How to Tell You’re Getting Scammed on the Internet

How to Tell You're Getting Scammed on the Internet

It’s a fact that most people believe that they would never fall prey to an internet scam.  While we have all heard tales of people being scammed, most of us believe that it couldn’t happen to us.  Though many of the tricks of the trade for internet scam artists have gained a certain level of notoriety and seem easy enough to avoid, there are also other lesser known practices that keep the criminals in business.   It is important for all internet users to continue to be vigilant in protecting personal information.  Here are just a few tips that can help protect you from getting scammed.

Don’t just assume that your email inbox is fully protected from spam.  While most spam is now
automatically filtered out of email, it is possible for some to break through.
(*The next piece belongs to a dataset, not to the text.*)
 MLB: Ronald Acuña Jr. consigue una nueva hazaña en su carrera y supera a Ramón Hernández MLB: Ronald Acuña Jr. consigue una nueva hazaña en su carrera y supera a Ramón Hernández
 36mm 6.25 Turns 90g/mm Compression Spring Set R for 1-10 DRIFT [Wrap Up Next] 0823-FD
There are a few ways you can tell if something is not legit.  If you receive an email with hundreds of other email addresses in the recipient field, but with a message directed to just one person, it is likely to be a scam.  As are emails with nonexistent or generic subject lines from an unknown sender.  It is best to leave these emails unopened.  Other tip offs that should cause you to take pause are emails where the only content in the body of the email is a link.  Likewise when a link is shortened and does not display the actual address.  If you are curious about the true content behind the link, you can use a link expander such as LongURL to view the actual content before you click.
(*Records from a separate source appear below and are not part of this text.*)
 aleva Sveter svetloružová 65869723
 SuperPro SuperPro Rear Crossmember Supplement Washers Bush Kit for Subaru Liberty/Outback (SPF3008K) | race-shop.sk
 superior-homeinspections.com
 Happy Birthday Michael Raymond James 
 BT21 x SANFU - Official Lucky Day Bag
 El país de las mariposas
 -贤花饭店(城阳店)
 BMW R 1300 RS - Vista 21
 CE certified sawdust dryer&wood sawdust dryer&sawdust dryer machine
The next group of tactics used by scam artists can be evaded with simple common sense, though it is worth reminding.  These types of things that should easily alert you to a scam email include messages written entirely in caps lock, strange requests, and mistakes in grammar and spelling.  Another tactic often used by scam is to try to get the reader to feel a sense of urgency.  An email claims that there is a life or death situation and the only solution is for you to immediately wire money.  These emails are best left in the junk pile.